CSSS508 Homework 1 Example

Author

Victoria Sass

Modified

March 26, 2024

I’m interested in exploring a dataset from base R called iris. From its documentation I see that it is data about 50 flowers from each of 3 species of iris and their respective measurements of sepal length, sepal width, petal length, and petal width.

I first want to take a look at a preview of the dataset by making a nice table.

Sepal.Length Sepal.Width Petal.Length Petal.Width Species
1 5.1 3.5 1.4 0.2 setosa
2 4.9 3.0 1.4 0.2 setosa
3 4.7 3.2 1.3 0.2 setosa
4 4.6 3.1 1.5 0.2 setosa
5 5.0 3.6 1.4 0.2 setosa
6..145
146 6.7 3.0 5.2 2.3 virginica
147 6.3 2.5 5.0 1.9 virginica
148 6.5 3.0 5.2 2.0 virginica
149 6.2 3.4 5.4 2.3 virginica
150 5.9 3.0 5.1 1.8 virginica

The mean petal length is 3.76 but its median petal length is 4.35. It’s range is 5.9 which additionally suggests a certain degree of spread.

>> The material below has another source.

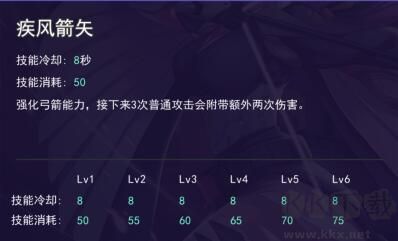 300大作战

It might be useful to look at the distribution to gain a better sense of the variation of this variable.

There seems to be a cluster of much smaller petals and then another cluster of average to bigger petals. I wonder how this varies by species…?

We can see from this plot that the overall mean and median of petal length is quite misleading! Only the verisicolor species of iris is close to those values while setosa is much mush smaller and virginica is a bit bigger.

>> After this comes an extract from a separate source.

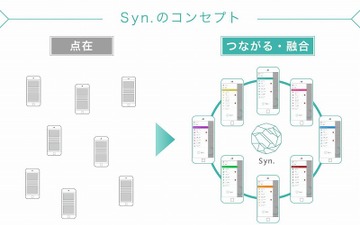 “中心のないポータル”「Syn.」が立ち上げ、ナビ分野ではナビタイムジャパンが参画 画像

Is there a similar thing happening for sepal length and width? Let’s look at some basic descriptives of the dataset.

Sepal.Length Sepal.Width Petal.Length Petal.Width Species
Min. :4.300 Min. :2.000 Min. :1.000 Min. :0.100 setosa :50
1st Qu.:5.100 1st Qu.:2.800 1st Qu.:1.600 1st Qu.:0.300 versicolor:50
Median :5.800 Median :3.000 Median :4.350 Median :1.300 virginica :50
Mean :5.843 Mean :3.057 Mean :3.758 Mean :1.199 NA
3rd Qu.:6.400 3rd Qu.:3.300 3rd Qu.:5.100 3rd Qu.:1.800 NA
Max. :7.900 Max. :4.400 Max. :6.900 Max. :2.500 NA

It’s interesting to note with the summary function that for numerical data it’ll calculate the classic 5 statistics used to construct a boxplot plus the mean but for a categorical variable like iris$Species it returns the frequency of each value of the variable.

The distribution of sepal length looks wider than sepal width, similar to how it was for those measurements of the petals. Let’s see how sepal length and width relate to one another graphically.

There are still clusters by each species type but for verisicolor and virginica there’s much more overlap. Overall, there’s tighter clustering by species for the petal length and width than there is for the sepal length and width.